## Source material
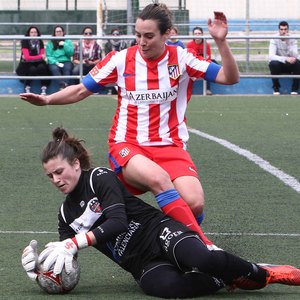 Temporada 2012-2013. Priscila lucha un balón junto a Sandra Paños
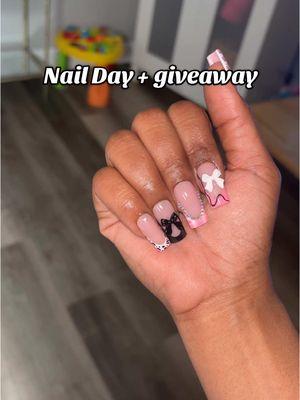 Giveaway ends 01/06/25 🤞🏾🍀 #MomsofTikTok #momlife #momtok #sahm #sahmlife #nails #nailtutorial #nailart #nailinspo #nailsartvideos #nailsoftiktok #pressonnails #pressies #pressons #pressonnailstutorial #pressonsets #pressonnailset #giveaway #teaunca #nailtea #fyp #philly #phillytok #phillynails #phillytikok #phillymom 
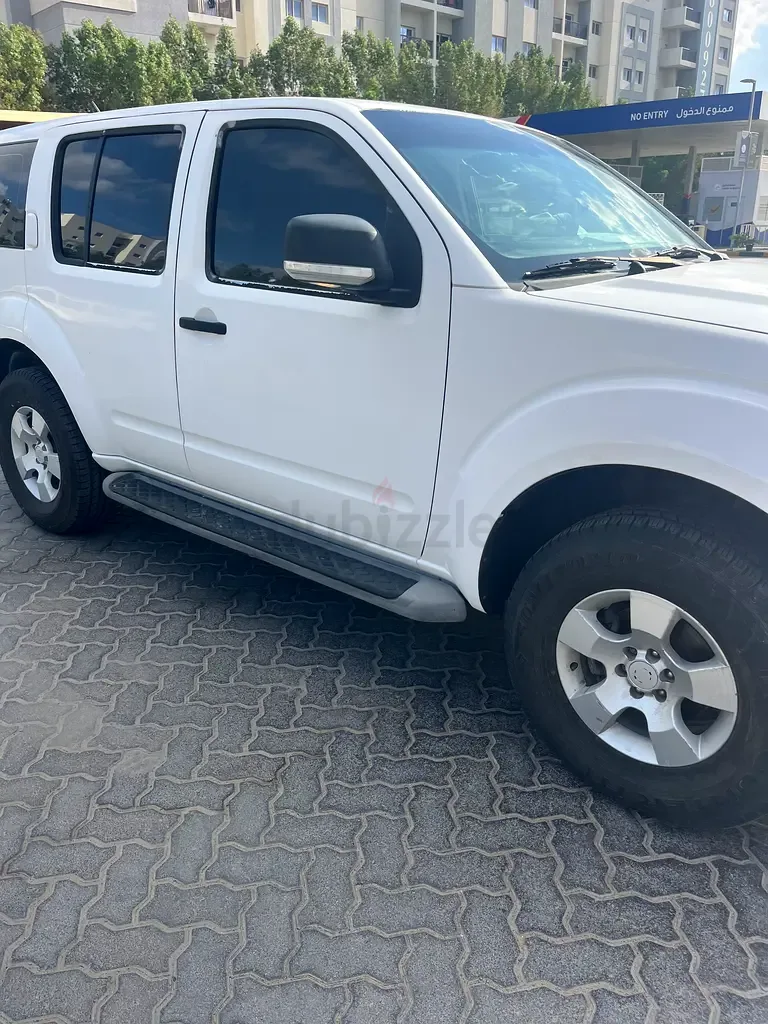 Nissan Pathfinder 4.0 AT (269 hp) - 3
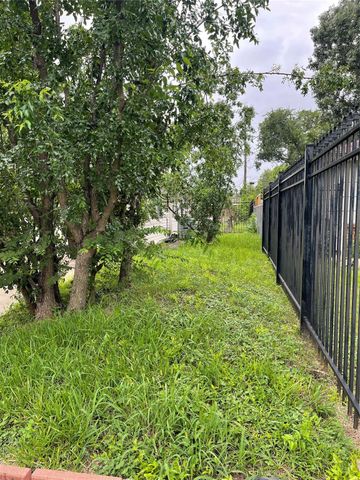 7403 N Dearborn Street, Houston, TX 77055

## Task goal
Reproduce the data above without a single change, please, but without its pictures.

## Answer space
 Temporada 2012-2013. Priscila lucha un balón junto a Sandra Paños
 Giveaway ends 01/06/25 🤞🏾🍀 #MomsofTikTok #momlife #momtok #sahm #sahmlife #nails #nailtutorial #nailart #nailinspo #nailsartvideos #nailsoftiktok #pressonnails #pressies #pressons #pressonnailstutorial #pressonsets #pressonnailset #giveaway #teaunca #nailtea #fyp #philly #phillytok #phillynails #phillytikok #phillymom 
 Nissan Pathfinder 4.0 AT (269 hp) - 3
 7403 N Dearborn Street, Houston, TX 77055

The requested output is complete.